An update from high school student, Nolan, about getting his STEM project into space.
In our January Issue 66, we introduced you to a young secondary school student, Nolan Sobel-Read, who needed funding to build and launch a high-altitude weather balloon and take measurements high up in the stratosphere (That’s over 30km in altitude or roughly 100,000 feet!).
Nolan outlined the goals for the project and what electronics he needed. We were only too happy to help out, and started sourcing the parts Nolan needed.
As a trade, we’ve asked Nolan to document his journey so that we can share it with our readers who may want to do something similar or be inspired by the work that he’s doing.
The following is the most recent update on Nolan’s project progress. We will publish more throughout the next few issues as Nolan’s project progresses.
Hi Everyone! It’s Nolan again. Here comes another update about my balloon project.
I wrote in my last article (Part 4 in Issue 75) about how we were having some problems with the code. I am happy to say that now many of those have been resolved.
The code file we had been working on ran almost everything right, except that when it tried to send the data over satellite, it came up with an unknown error that we couldn’t fix. Sending over satellite worked on the example code, but not ours.
We tried a number of things, but finding the error in such a large file was like finding a needle in a haystack.
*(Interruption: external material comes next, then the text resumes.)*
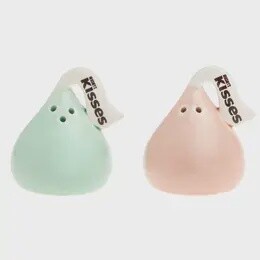 HERSHEY KISSES SALT AND PEPPER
So, after some trying we decided to migrate our code into an example file we knew worked, and when it broke, that was the error!
Through that process, we worked out that there was an update that needed to be made in the board itself. I went on a deep-dive into the artemis files and changed a dozen or so lines of code. Fingers crossed it works now, we will finish those tests once school starts again in late January.
We have also made significant progress in the hardware side of things too. We ran tests on a computer to calculate the power draw of the artemis so we can determine the size of the battery. This is very important because we have to stay under roughly 1kg of payload to maximise the altitude that the balloon can go to. The lighter it is, the higher it will go!
As you can see on the photo, the power draw varies greatly, jumping up and down at intervals. This is because of the increased energy used when transmitting over satellite.
On average after 30 or so minutes the Artemis drew 308 mW, but varied all the way between 49.7mW and 1.52W!
This amounts to roughly 650mAh, as opposed to almost 10 times that for each camera. Factoring in the extreme cold and buffer, that would put us way overweight only factoring in the batteries, depending on which battery type we use. Hence, we have decided to only power the Raspberry Pi camera that my mentor Cameron from SAPHI Engineering is lending me, and the lightdow will be powered using its internal battery until it dies. We will also send up a super lightweight timelapse camera for a different angle.
This is why it was very important to remove the heater once we worked out that we didn’t need it, as it would draw a lot of power, and therefore a lot of weight!
Using this data and a parachute calculator, I will use a parachute that is around 48 inches wide, or a bit over 1 metre. This will have a decent rate of a bit more than 4 m/s, which is optimal. Too fast and you can cause danger to the payload, people, animals and property, but too slow and it can drift hundreds of kilometres before landing in extreme cases.
Currently we are aiming for a launch during the April school holidays, or around then.
That’s all from me, looking forward to updating you more soon!